Mais si la réalisation de l'album avait pris 6 mois d'hiver/printemps Canadien, il était évident que l'aventure ne se résumait pas à deux tubes faciles, et une bonne dose de remplissage en règle. Car même sans l'aide précieuse de chirurgien du prêt-à-porter musical Child, on pouvait compter sur le tandem Bongiovi/Sambora pour composer des hymnes efficaces et bien plus profonds que de simples allégeances aux marché du disque, et plus en adéquation avec leur philosophie personnelle.

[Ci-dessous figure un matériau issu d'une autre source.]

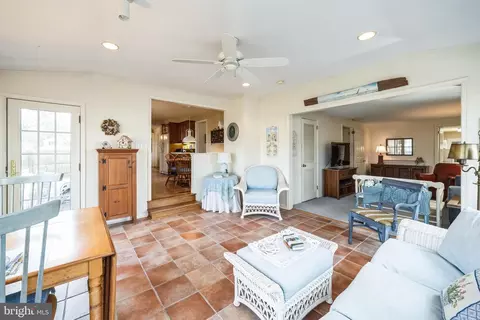 1221 Forge Rd, Cherry Hill, NJ 08034 photo 12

Ainsi, "Never Say Goodbye", sous couvert d'une mélodie aux accents un peu tristes, ramenait à la surface des émotions nostalgiques, un peu à la manière d'un Springsteen lorsque ce dernier brosse avec brio le tableau d'une adolescence perdue et d'un passage difficile à l'âge adulte, les yeux embués de souvenirs. Les virées en voiture jusqu'au bout de la nuit, le goût sucré d'un premier baiser, et les sensations douces amères des années de jeunesse qui s'éloignent au son d'un moteur de voiture en direction d'une vie qu'on a pas forcément choisie.
Dans la même lignée, le doux parfum Southern Rock du magistral "Wanted Dead Or Alive", profession de foi de rocker au cœur tendre (qui accrochera quand même malgré sa longueur et sa tonalité Country Rock la septième place du Billboard 100), ne sera rien de moins que le signe annonciateur des années à suivre, et de la couleur majeure de l'opus dit "de la maturité" du groupe, New Jersey. Sur ce morceau, Jon donne tout, et sa prestation vocale convainc, et se rapproche timidement des incarnations vocales du Boss (l'idole de Jon), spécialement sur des morceaux mythiques comme "Thunder Road" ou "Born In The USA". Mais ce morceau si spécifique et unique permettra aussi à Richie de faire montre de tout son talent de guitariste, à l'occasion d'un solo de toute beauté permettant à la composition de s'envoler et d'exploser lors d'un final épique.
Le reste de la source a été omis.